Immediate Family Member of Directors
There are no employees whose remuneration exceeded S$150,000 during the year who is also an immediate family member of a director or the CEO.

Key executives’ remuneration
Although the Code recommends that at least the top five key executives’ remuneration be disclosed within bands of S$250,000, the Board believes such disclosure would be disadvantageous to the Group’s business interests, given the highly competitive conditions in the banking industry where poaching of executives is commonplace.

Long-term share incentives – DBSH Share Plan, Share Option Plan and Share Ownership Scheme
As the Group seeks to foster a culture that aligns the interests of employees with those of shareholders, it has put in place share-based plans for employees.
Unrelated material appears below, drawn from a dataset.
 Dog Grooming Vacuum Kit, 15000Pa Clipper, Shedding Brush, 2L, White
These plans allow employees to share in the Group’s growth and success. There are three plans – the DBSH Share Plan (Share Plan), the DBSH Employee Share Plan (ESP) and the DBSH Share Ownership Scheme (SOS).

Prior to 2009, DBSH Share Options Plan (SOP) was also part of the long-term share incentives put in place. The SOP has expired on 19 June 2009 and it was not extended or replaced. The termination of the SOP will not affect the rights of holders of any outstanding existing options.
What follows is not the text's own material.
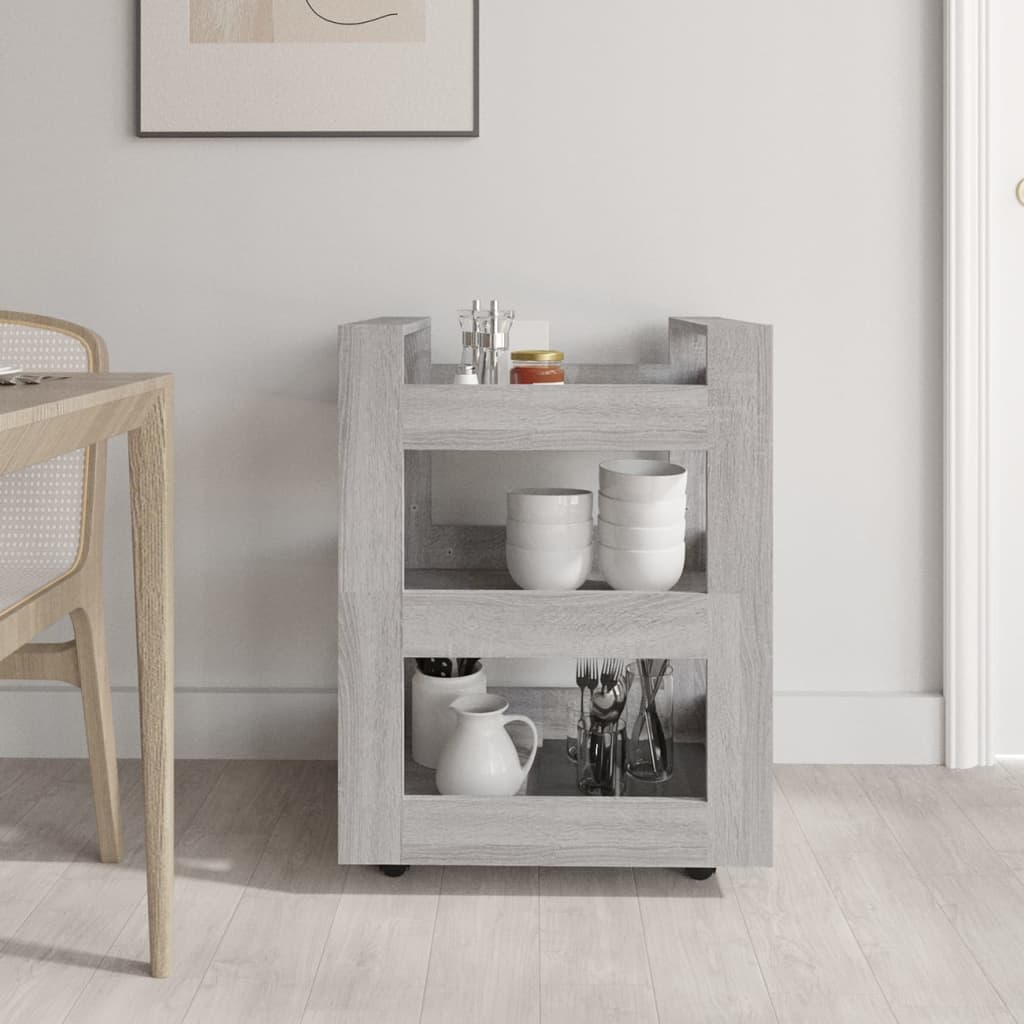 Carrello da Cucina Grigio Sonoma 60x45x80 cm Legno Multistrato 816822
Employees holding the corporate rank of Managing Director, Senior Vice President and Vice President are eligible to participate in the Share Plan. Rewards made under the Share Plan forms part of an employee’s annual performance remuneration, which also includes cash bonuses. The portion of the performance remuneration paid in shares increases with the amount of the performance remuneration. The allocation of such awards will be linked to performance metrics designed to deliver shareholder value.

There are vesting periods for the Share Plan. The awards made under the Share Plan are time based. The time-vested Share Plan operates like restricted shares awards. It comprises two elements, namely, the main award and the ‘kicker’ award. The shares comprised in the ‘kicker’ award constitute 20% of the shares comprised in the main award. Fifty percent of the shares comprised in the main award will vest two years after the date of grant. The remainder fifty percent of the shares comprised in the main award, together with the shares comprised in the ‘kicker’ award, will vest three years after the date of grant. The CMDC will review the vesting period of such time-based awards with a view to extend the vesting period in line with the recommendations from the Financial Stability Board.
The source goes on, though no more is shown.